Pelletier was hired in September 2021 and created a process that allows municipalities and nonprofits to submit project letters of intent and applications that include estimated costs and how the projects would benefit public health or improve infrastructure. Once towns submit proposals, a panel of county employees scores each application. Those with the highest scores went to county commissioners for final approval.
The program has played out similarly in other counties that also designated funds for cities and towns and hired administrators, including Cumberland, Penobscot and York. Maine counties received $260 million under the 2021 stimulus bill, which added up to a massive windfall because they oversee fewer services than national counterparts.
Cumberland has awarded $24.5 million of its $57 million haul in this manner, including $3 million and $1.7 million for new homeless shelters in Portland and Brunswick, respectively, and $2.6 million for housing projects in South Portland and Standish. Penobscot has designated $10 million of its $29.5 million for community use.
In June 2022, the Aroostook County commissioners awarded an initial round of $2.1 million. Those projects included a town-wide broadband expansion in Easton; wastewater upgrades in Washburn; emergency medical equipment in Caribou, Fort Kent, Mars Hill, Blaine and Bridgewater; and housing assistance and workforce development program expansions for the Aroostook County Action Program.
“We felt that we should try to help projects that would not have happened otherwise,” Pelletier said.
Money from the county came in addition to the millions in ARPA funds that towns had already received. For example, Perham received $38,000 in federal funds itself, then got $73,500 in the county’s round of grants for the wetland project.
Perham officials do not yet have a total projected cost. But having that money is a big deal. With a population of only 371, the Select Board must prioritize which projects it will float to taxpayers every year. If the county funds were not there, Rasnussen said taxes may have gone up 20 percent and the project would be done piecemeal.
Pelletier also helped towns to navigate the complex set of ARPA reporting requirements and know exactly what projects would be eligible under federal rules.

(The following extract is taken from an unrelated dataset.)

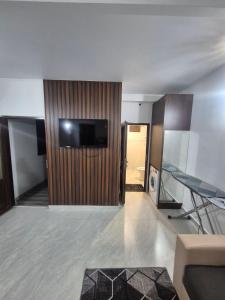 a living room with a television on a wall at Olive Home in Yerevan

In Eagle Lake, a St. John Valley town of 553 people, officials found their current technology for using Zoom during Select Board meetings — a tablet simply placed in the meeting room — did not allow people to fully view and participate in meetings.

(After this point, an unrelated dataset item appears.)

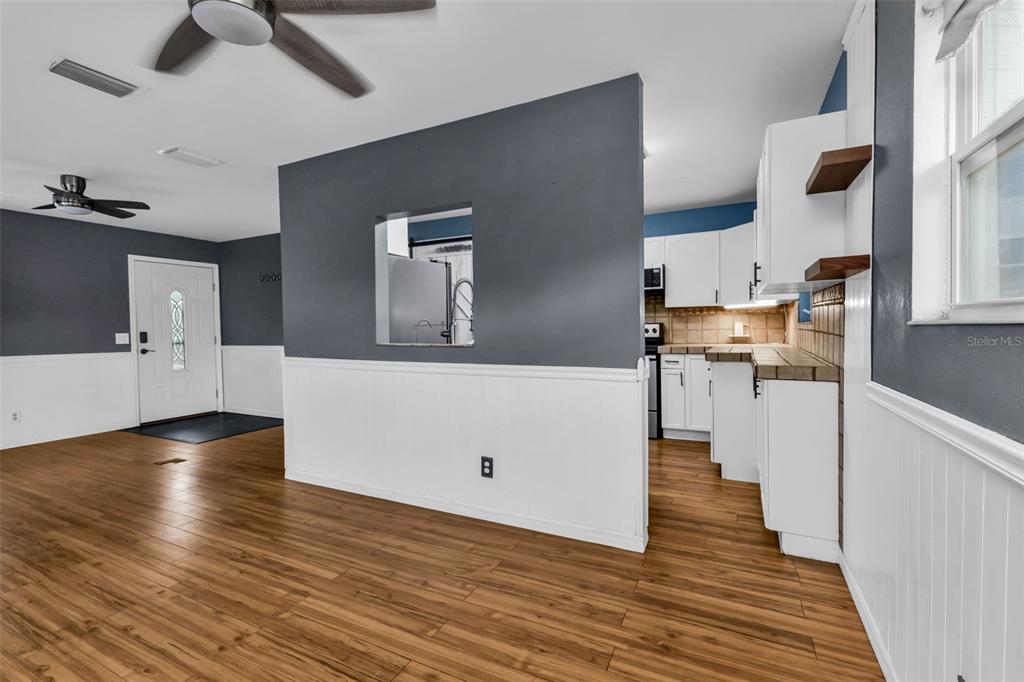 29341 Passion Flower Street Punta Gorda, FL 33982 - Photo 15 of 68 a view of a kitchen with wooden floor and a ceiling fan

Funds for video and sound equipment did not make the town’s latest budget. But a $3,000 ARPA grant from the county allowed Eagle Lake to get a new TV, camera and microphone for their regular meeting room and a conference area used for larger public hearings.
This year, Aroostook County will award another $2.1 million in grants. Cities and towns have begun submitting letters of intent for eligible projects and will submit proposals this spring. The county’s remaining $2.1 million in grants will be awarded in 2024. Eagle Lake already plans to propose two projects for potential funding.
“Having a go-to person was extremely helpful,” Town Manager John Sutherland said. “Steve dedicated his time to go through the guidelines with us, something we never would have had time for on our own.”